**What you have to do:** Please output the records below in full, exactly as given, but without the images.
======== Study material
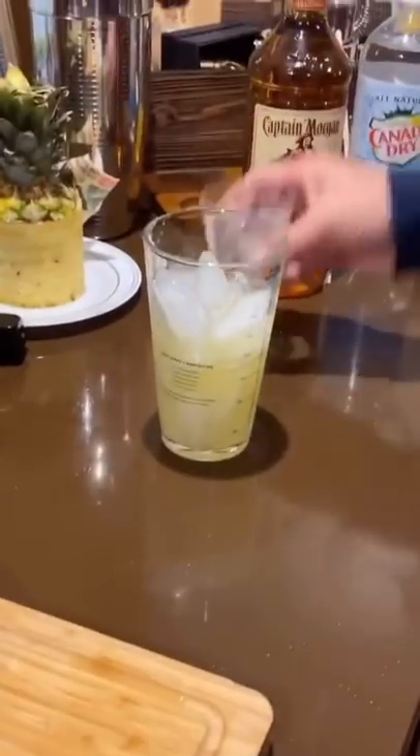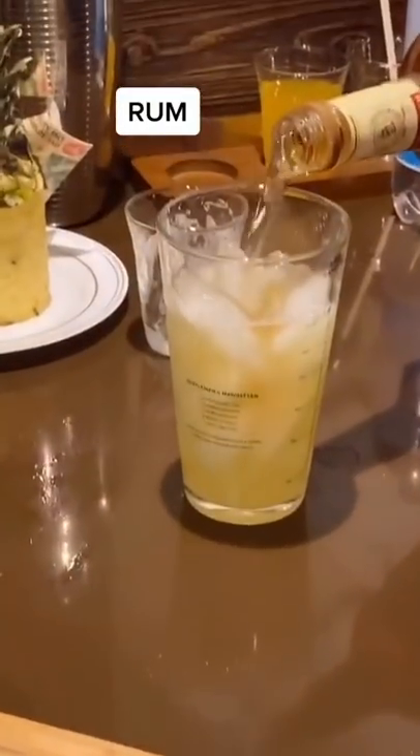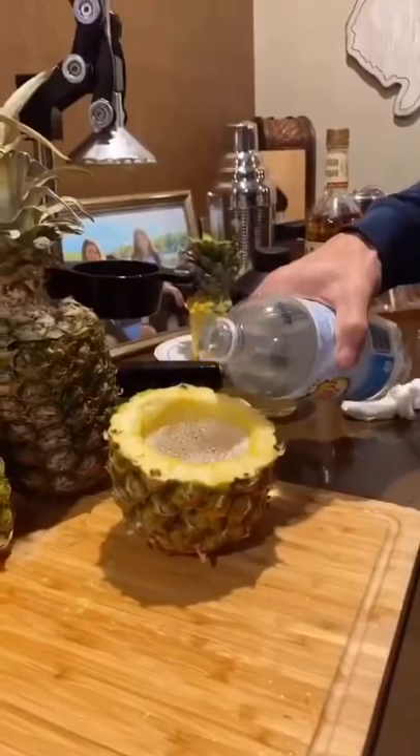Next step. Double juice. Bam. Rum. There we go. Shake. And pour. Oh, look at that. Yes!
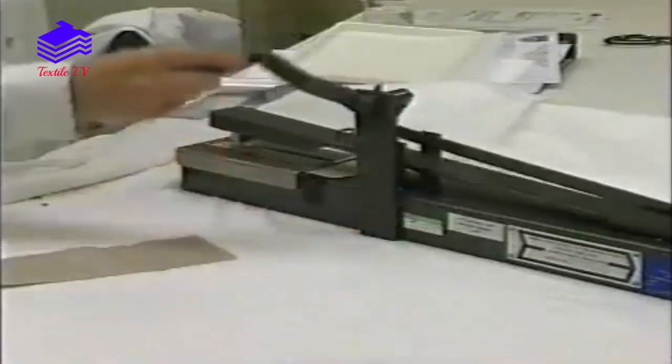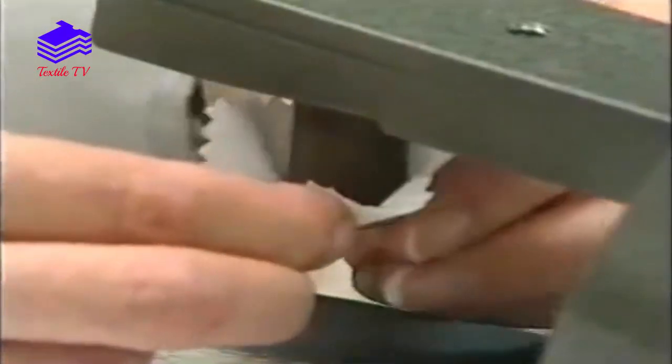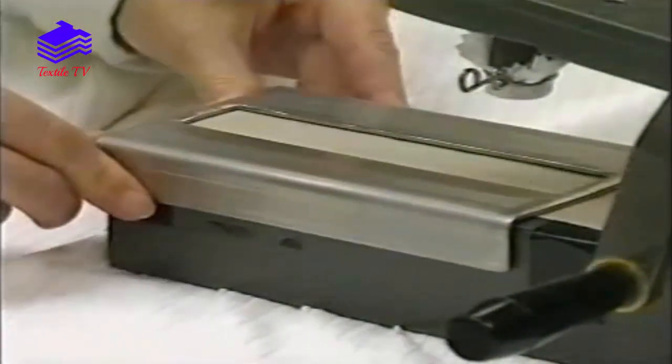The effectiveness of rubbing is assessed by using a crockmeter, whereby a piece of cotton fabric is rubbed against the test specimen under a set pressure for a specified number of rubbing cycles.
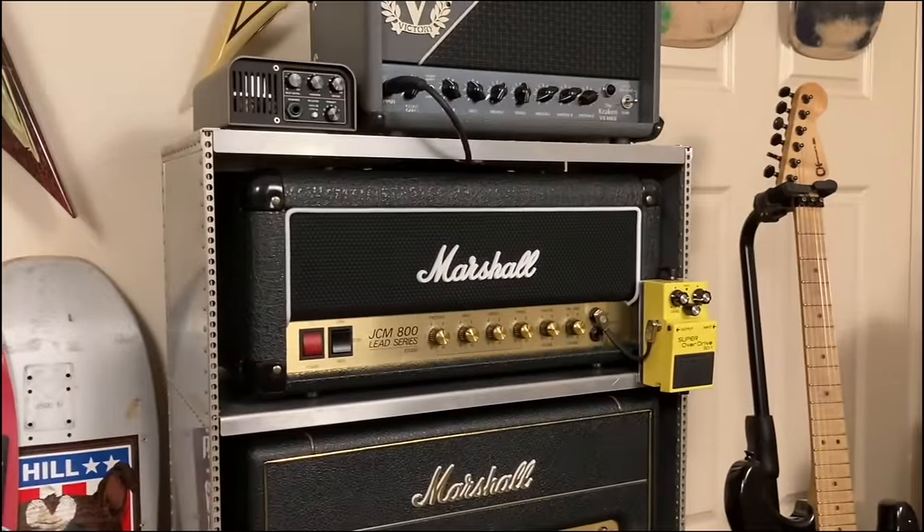Hey, welcome back to the show. I did a room tour a little while back and we went around the room and spoke about all the bits of gear, but there was so much that I missed and a lot of you really want me to come back and fix that up. So I guess here we are and I'll just try and complete it this time. The amp rack that I made is just constantly evolving.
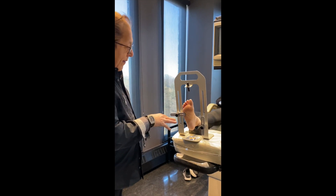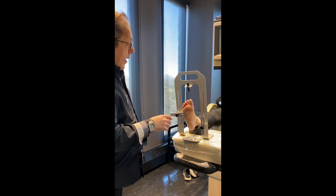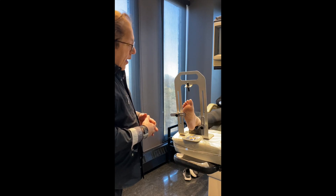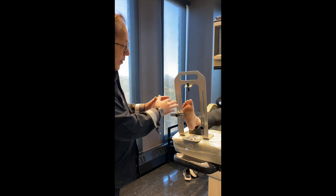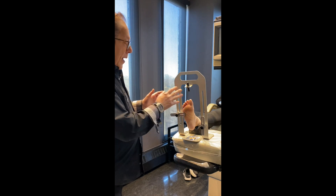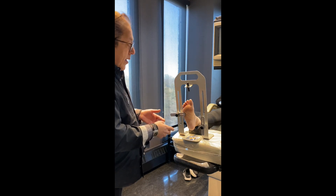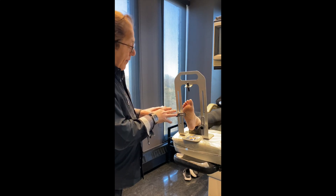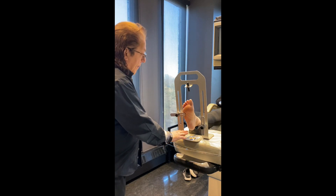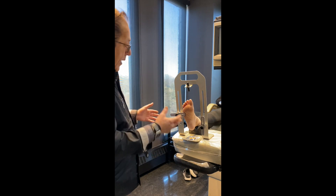This is a newer way of scanning for prescription orthotics. The gold standard, and what has been used historically, is the plaster of Paris casting where you take a mold of the foot. Some people still use foam boxes. We use a mini iPad, which I'll show you shortly, to take a scan of the foot. But I believe this unit here is new to Canada.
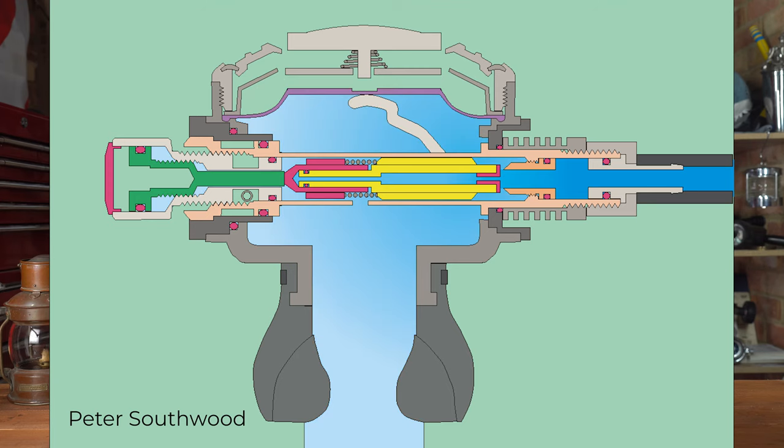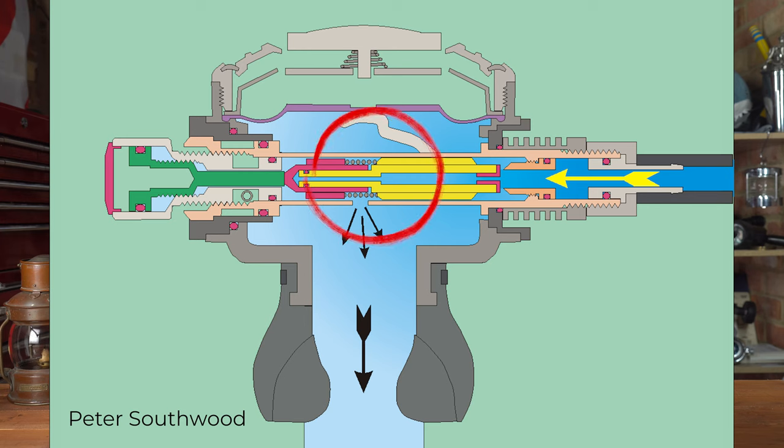It's even worse if the second stage comes out of your mouth. Without your mouth and your lungs to actually stop the flow of air from coming out of the second stage, the air just rushes out and creates a vacuum inside the body of the second stage. As far as the regulator is concerned, that vacuum could be you sucking on the regulator to breathe from it. So it opens the valve even more, lets even more gas in, and it just becomes a vicious cycle that we call an exponential free flow.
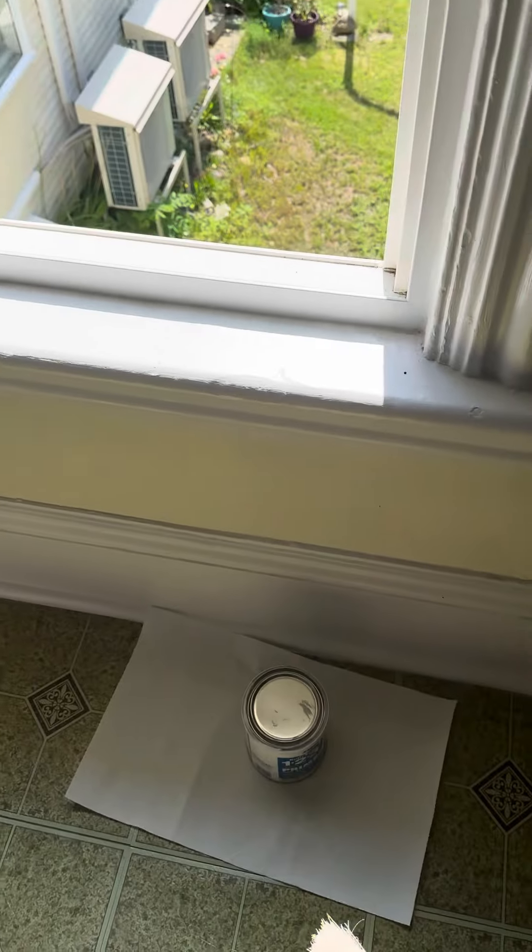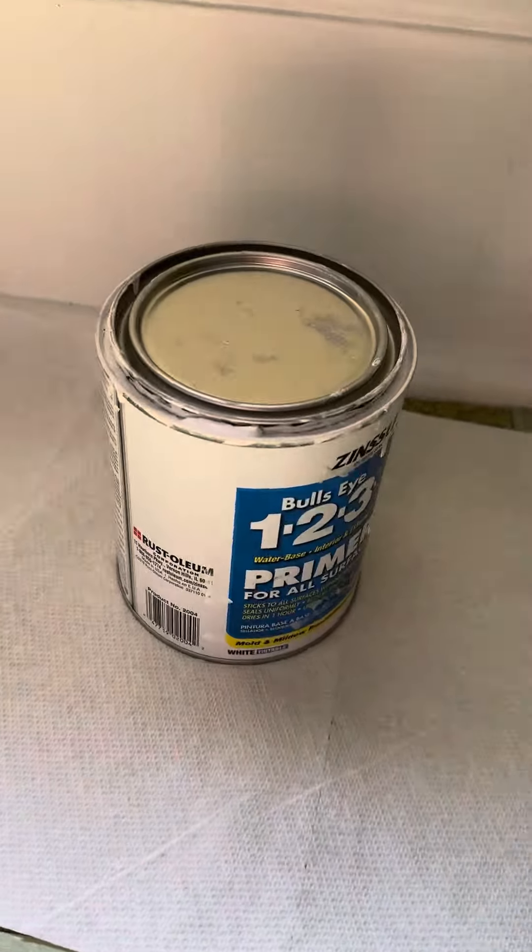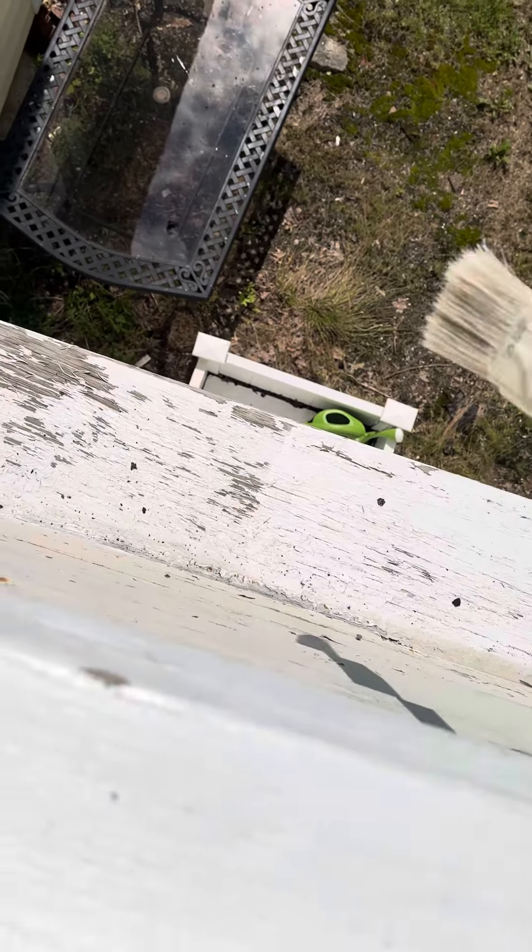I'm on the second floor and here's my Paint the One Two Three primer, which is a paint and primer in one, and there's the sill that I need to paint.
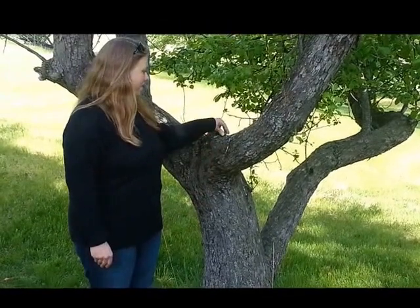Trees have an excellent connection to the earth's energy, especially through the water that they draw in. In order to clear your crystals by using trees, you can simply place them in the branches, like this, leave them all day, and then collect them in the evening.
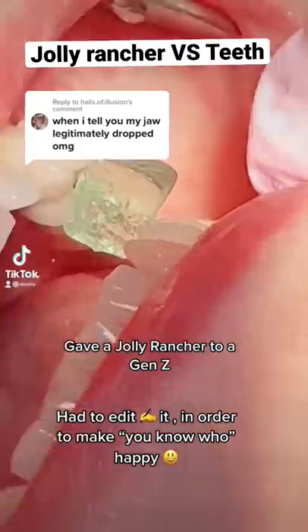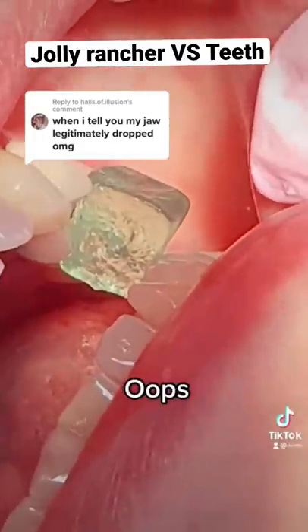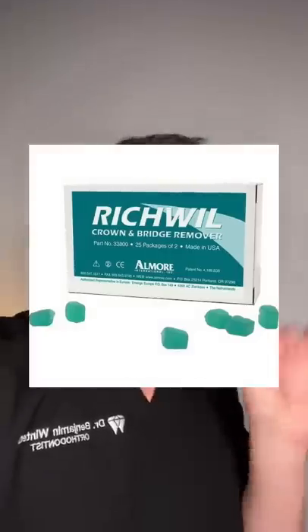Gave a Jolly Rancher to a Gen Z. Oops. Did he just rip that guy's teeth out? Well, yes and no. You see, that wasn't actually a tooth, it was a crown. And that wasn't actually a Jolly Rancher, it was a rich wheel crown remover.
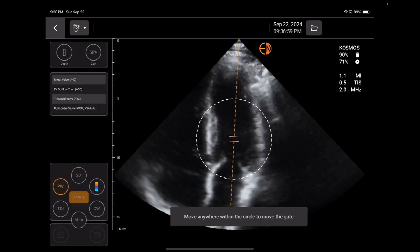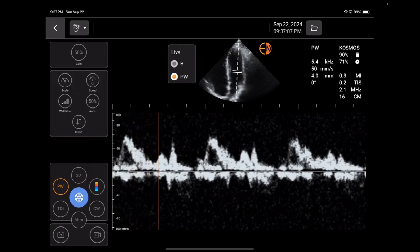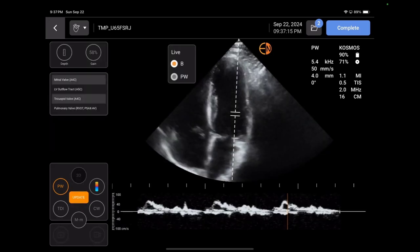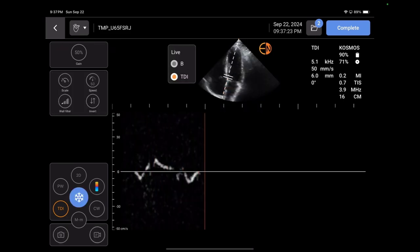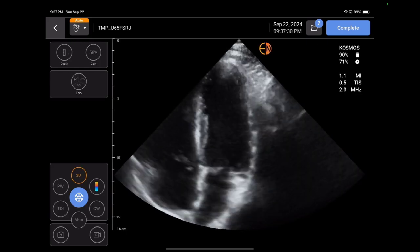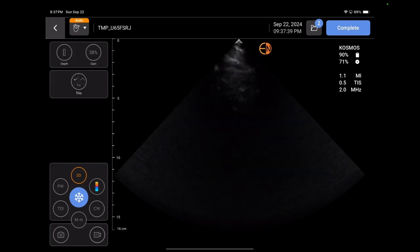For the pulse wave Doppler, if I was going to do a little diastology on myself, I press pulse wave update. I can freeze and save that image — you can see the E wave and the A wave really nicely. I can unfreeze and go back to 2D. If I'm going to do some tissue Doppler, I click the tissue Doppler button, move the gate to where it needs to be, press update, and get a really nice wave. What's really unique about this machine is the ability to do continuous wave and tissue Doppler to really do a full echo.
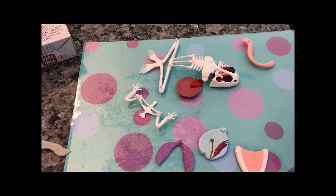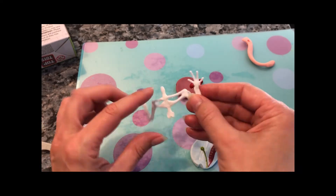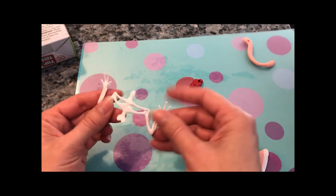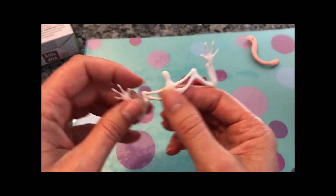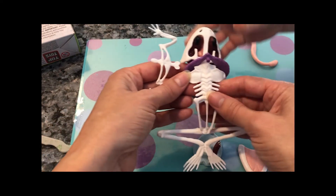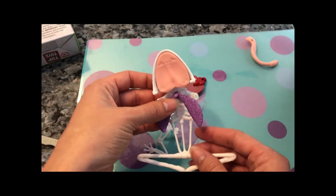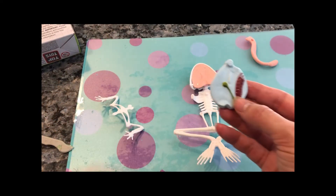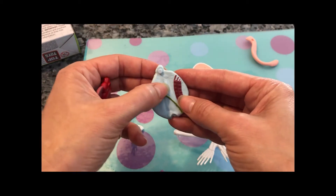Maybe we should start with the bones. So they have a lot of the same kinds of bones that we have, like we have bones for our arms and our hands, and we have a rib cage that protects our lungs. So these lungs would probably be on the inside. Do we remember what this one is? Gallbladder, pancreas, and spleen.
================
**Reply to the exercise:**
Next step. Double juice. Bam. Rum. There we go. Shake. And pour. Oh, look at that. Yes!
The effectiveness of rubbing is assessed by using a crockmeter, whereby a piece of cotton fabric is rubbed against the test specimen under a set pressure for a specified number of rubbing cycles.
Hey, welcome back to the show. I did a room tour a little while back and we went around the room and spoke about all the bits of gear, but there was so much that I missed and a lot of you really want me to come back and fix that up. So I guess here we are and I'll just try and complete it this time. The amp rack that I made is just constantly evolving.
This is a newer way of scanning for prescription orthotics. The gold standard, and what has been used historically, is the plaster of Paris casting where you take a mold of the foot. Some people still use foam boxes. We use a mini iPad, which I'll show you shortly, to take a scan of the foot. But I believe this unit here is new to Canada.
It's even worse if the second stage comes out of your mouth. Without your mouth and your lungs to actually stop the flow of air from coming out of the second stage, the air just rushes out and creates a vacuum inside the body of the second stage. As far as the regulator is concerned, that vacuum could be you sucking on the regulator to breathe from it. So it opens the valve even more, lets even more gas in, and it just becomes a vicious cycle that we call an exponential free flow.
I'm on the second floor and here's my Paint the One Two Three primer, which is a paint and primer in one, and there's the sill that I need to paint.
Trees have an excellent connection to the earth's energy, especially through the water that they draw in. In order to clear your crystals by using trees, you can simply place them in the branches, like this, leave them all day, and then collect them in the evening.
Gave a Jolly Rancher to a Gen Z. Oops. Did he just rip that guy's teeth out? Well, yes and no. You see, that wasn't actually a tooth, it was a crown. And that wasn't actually a Jolly Rancher, it was a rich wheel crown remover.
For the pulse wave Doppler, if I was going to do a little diastology on myself, I press pulse wave update. I can freeze and save that image — you can see the E wave and the A wave really nicely. I can unfreeze and go back to 2D. If I'm going to do some tissue Doppler, I click the tissue Doppler button, move the gate to where it needs to be, press update, and get a really nice wave. What's really unique about this machine is the ability to do continuous wave and tissue Doppler to really do a full echo.
Maybe we should start with the bones. So they have a lot of the same kinds of bones that we have, like we have bones for our arms and our hands, and we have a rib cage that protects our lungs. So these lungs would probably be on the inside. Do we remember what this one is? Gallbladder, pancreas, and spleen.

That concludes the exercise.